[Short text fragments from websites]
....
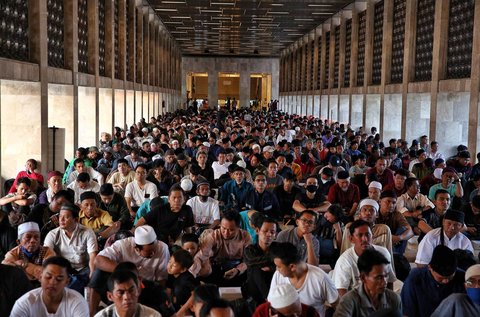 Umat muslim berkumpul saat berbuka puasa bersama di Masjid Istiqlal, Sabtu (01/03/2025).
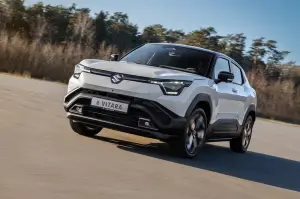 Suzuki eVitara 2025 - Foto ufficiali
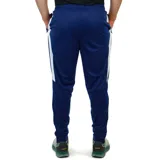 Pantalón deportivo Diadora de hombre, color azul marino, con cintura elástica y bolsillos laterales con cierre. Presenta un pequeño logo blanco en el muslo derecho.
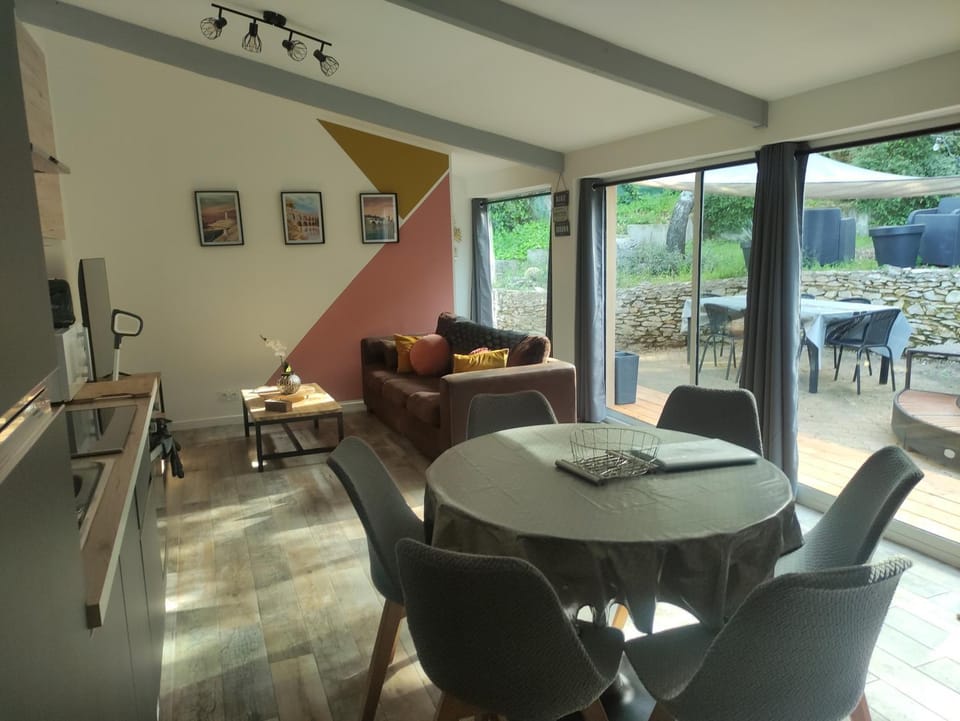 TV and multimedia, Living room, Seating area, Dining area
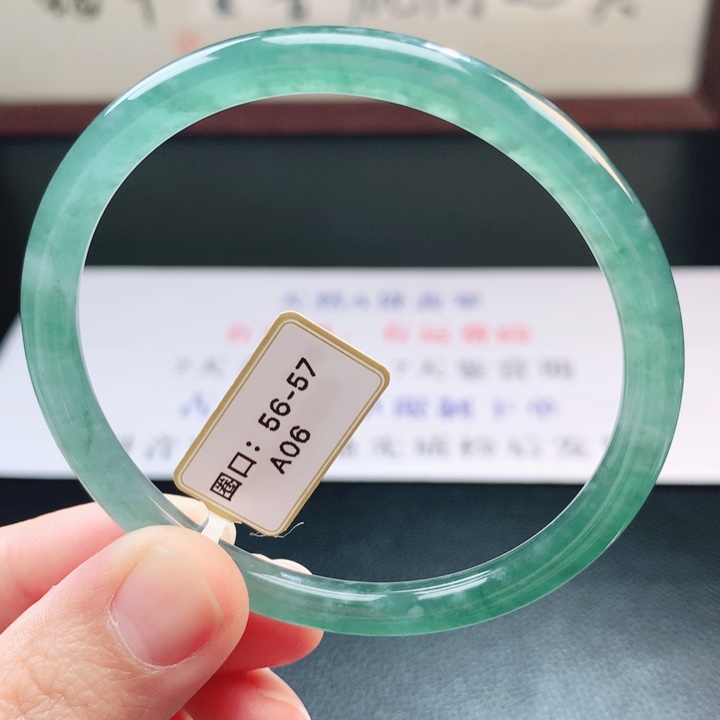 翡翠未镶嵌手镯翡翠手镯17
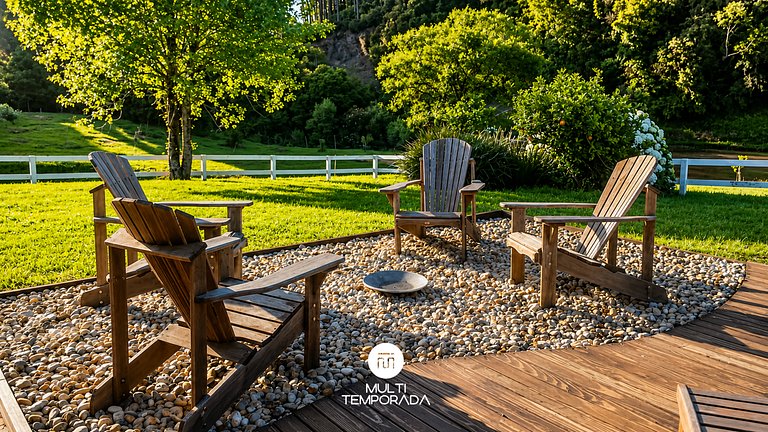 Linda Casa em Estilo Germânico em Rancho Queimado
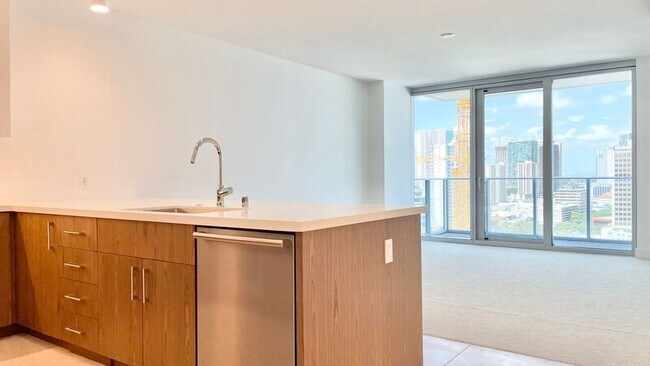 Building Photo - 629 Ke’eaumoku St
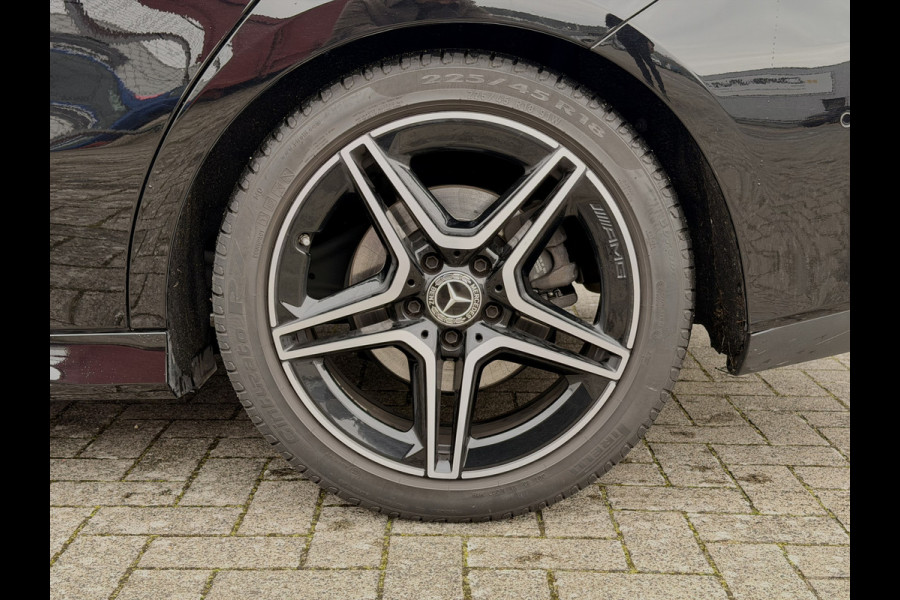 Mercedes-Benz CLA-Klasse Shooting Brake 180 Business Solution AMG NAVI | Camera | Stoelverwarming | 18" velgen
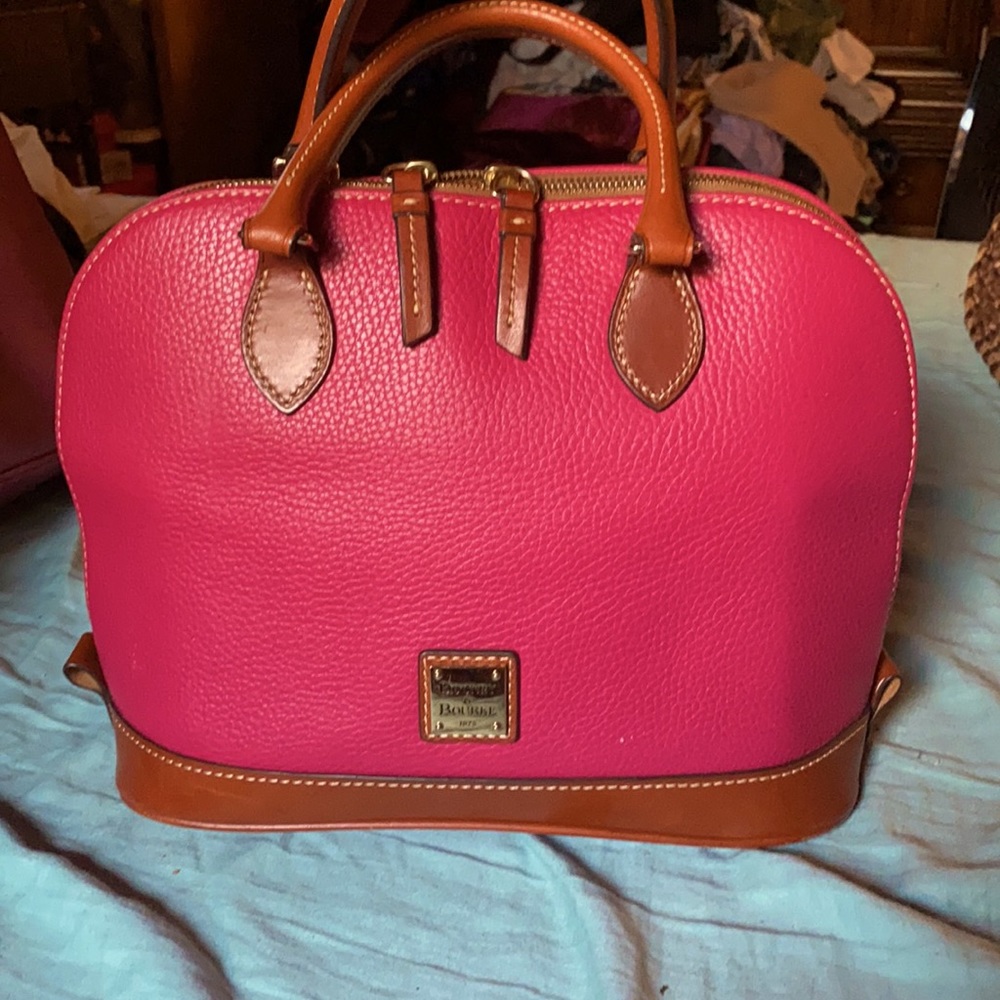 🎃Weekend Sale👻 Sale over Monday 👻Dooney & Bourke double zip bag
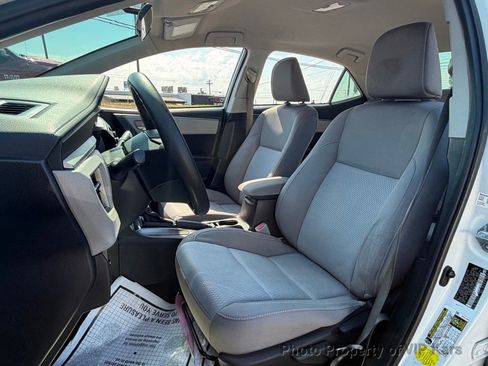 Used 2016 Toyota Corolla LE FWD image 16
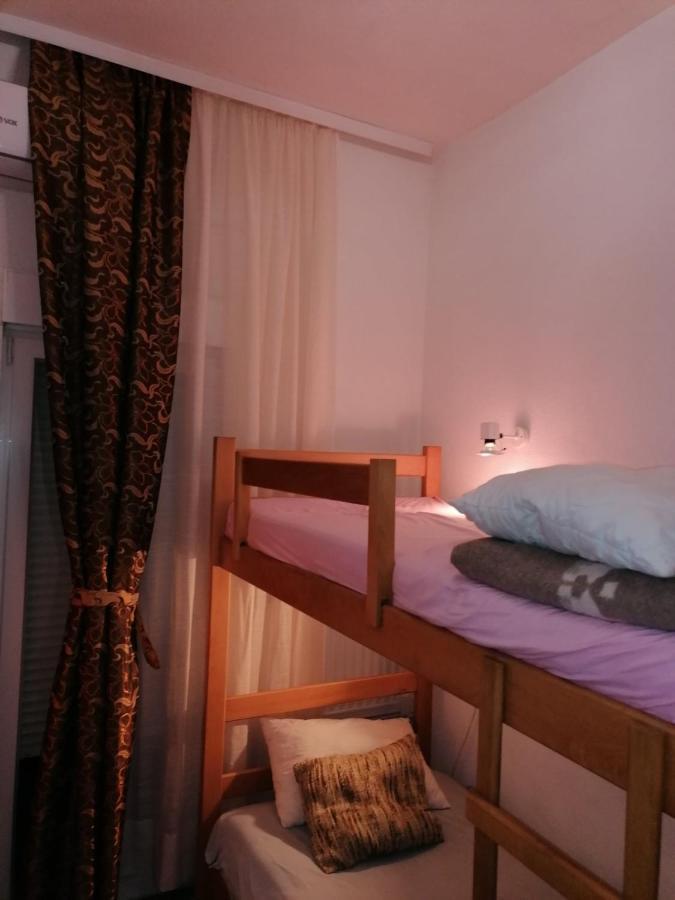 Apartman Dajak บันยาลูกา ภายนอก รูปภาพ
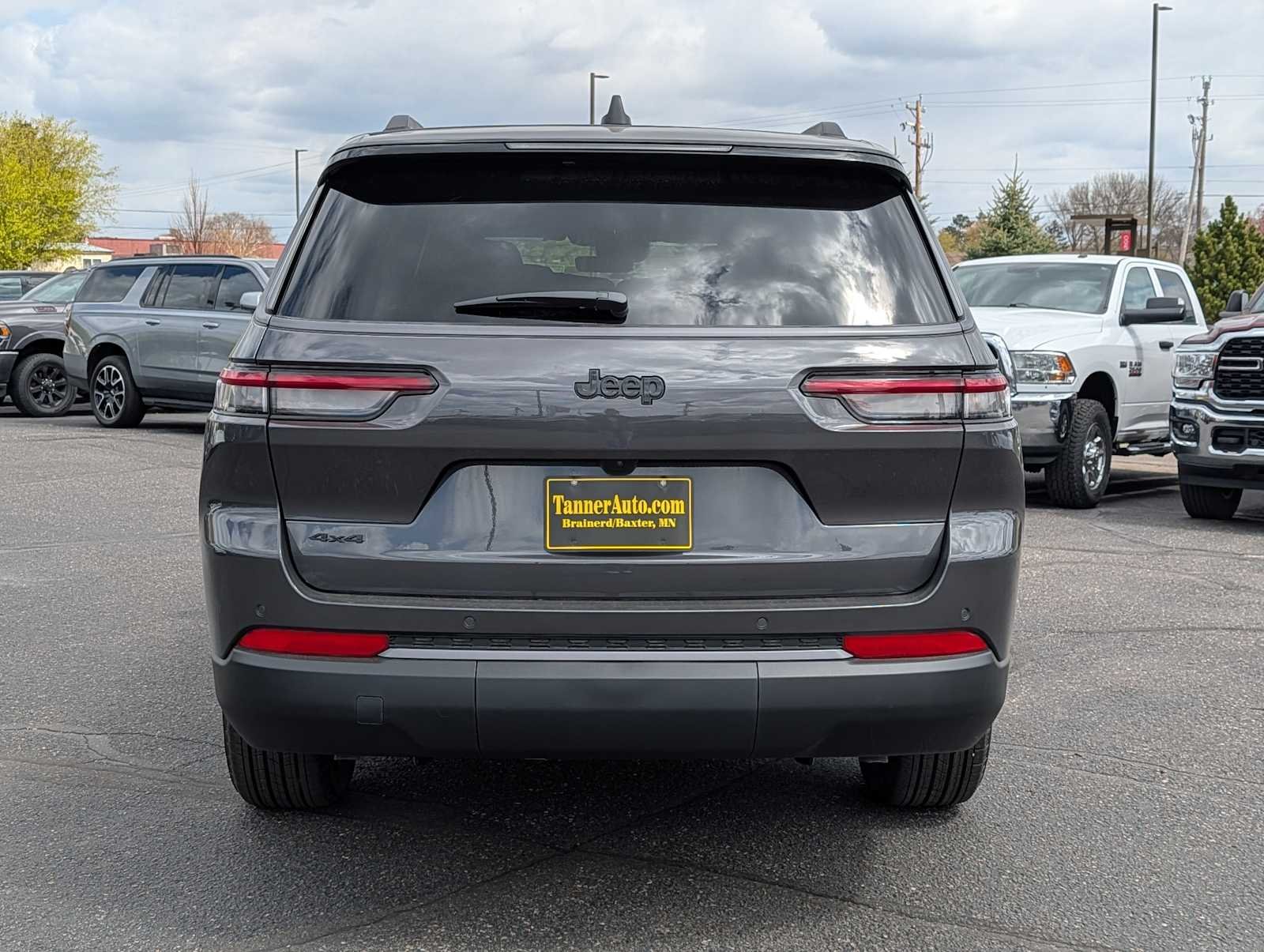 New 2026 Baltic Gray Metallic Clear-Coat Exterior Paint Jeep Laredo Altitude image 6
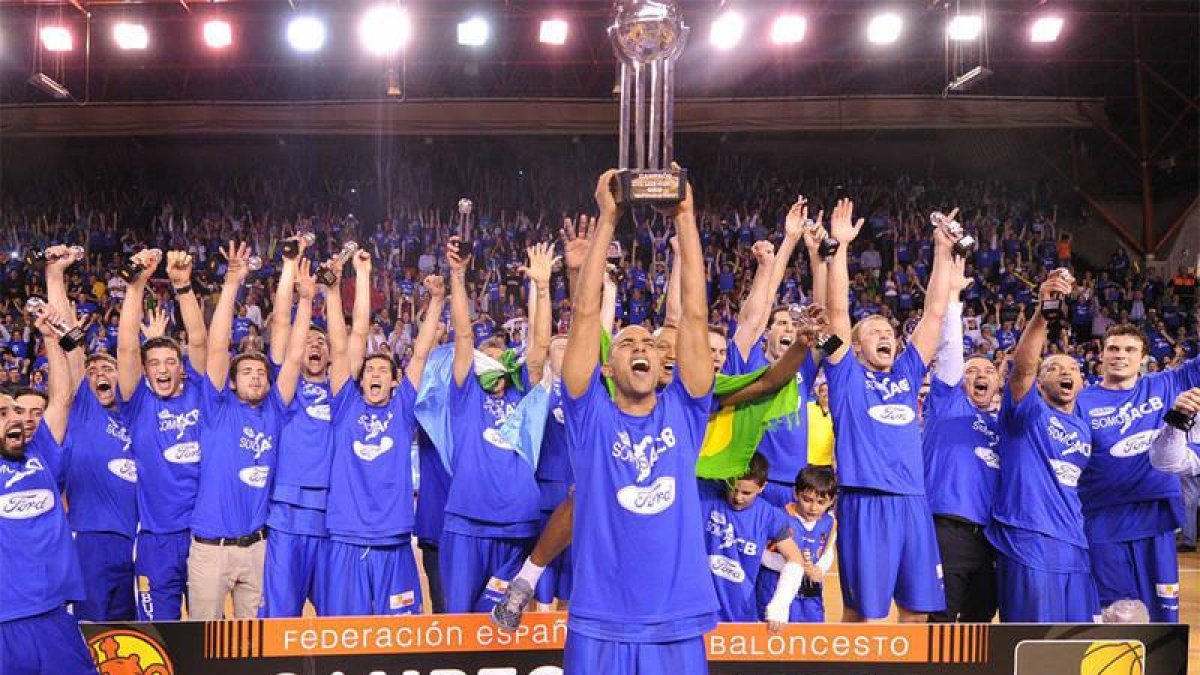 Dani López levanta el trofeo que acredita al Autocid Ford como campeón de la LEB Oro, el 19 de abril de 2013.-ISRAEL L. MURILLO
....
Please return only the lines from the one holding "Linda Casa em" through the end of the data, both ends included; do not copy any pictures.

RESULT:
 Linda Casa em Estilo Germânico em Rancho Queimado
 Building Photo - 629 Ke’eaumoku St
 Mercedes-Benz CLA-Klasse Shooting Brake 180 Business Solution AMG NAVI | Camera | Stoelverwarming | 18" velgen
 🎃Weekend Sale👻 Sale over Monday 👻Dooney & Bourke double zip bag
 Used 2016 Toyota Corolla LE FWD image 16
 Apartman Dajak บันยาลูกา ภายนอก รูปภาพ
 New 2026 Baltic Gray Metallic Clear-Coat Exterior Paint Jeep Laredo Altitude image 6
 Dani López levanta el trofeo que acredita al Autocid Ford como campeón de la LEB Oro, el 19 de abril de 2013.-ISRAEL L. MURILLO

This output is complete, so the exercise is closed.